Tuesday, September 29, 2015

The Case for Having Students Memorize Poetry

For the last couple of years, my policy with regard to students' "extra credit" opportunities was entirely focused on incentivizing attendance for out-of-class lectures. If students attended a lecture and wrote a 2-page response essay, they could receive up to 5pts on their midterm or final exams.  If they attended and asked a question, they could get the 5pts without writing the response essay.
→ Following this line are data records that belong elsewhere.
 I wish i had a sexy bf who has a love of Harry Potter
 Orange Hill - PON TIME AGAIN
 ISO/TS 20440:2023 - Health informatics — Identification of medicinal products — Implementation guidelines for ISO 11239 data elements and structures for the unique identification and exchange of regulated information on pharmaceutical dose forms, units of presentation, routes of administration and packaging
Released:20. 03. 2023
This was a really successful policy and I recommend it to others, especially those who (like me) find themselves frustrated by students' frequent non-participation in post-lecture Q&A sessions.
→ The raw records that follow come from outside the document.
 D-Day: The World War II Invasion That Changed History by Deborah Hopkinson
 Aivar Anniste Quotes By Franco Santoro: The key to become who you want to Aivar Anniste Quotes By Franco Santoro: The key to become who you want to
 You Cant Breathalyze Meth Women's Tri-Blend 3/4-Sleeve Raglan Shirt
This semester, I'm trying out a new policy, inspired in part by an essay that I read many years ago in the NYT, "The Case for Memorizing Poetry" by Jim Holt.  (I was reminded of Holt's essay after reading his excellent book Why Does The World Exist?: An Existentialist Detective Story this summer.) So, at the beginning of the term, I told students that there would be one-- and only one-- opportunity per month to earn extra credit in the course, but it would't be easy.  It would require that they memorize a poem (selected by me), recite it aloud (with less than four errors), and explain to me what they think the whole (or some part) of it meant.  I decided that I would select poems that were long enough to necessitate real commitment and a significant amount of time to memorize perfectly, in order to reinforce that "extra credit" is something for which one ought to have to do serious work.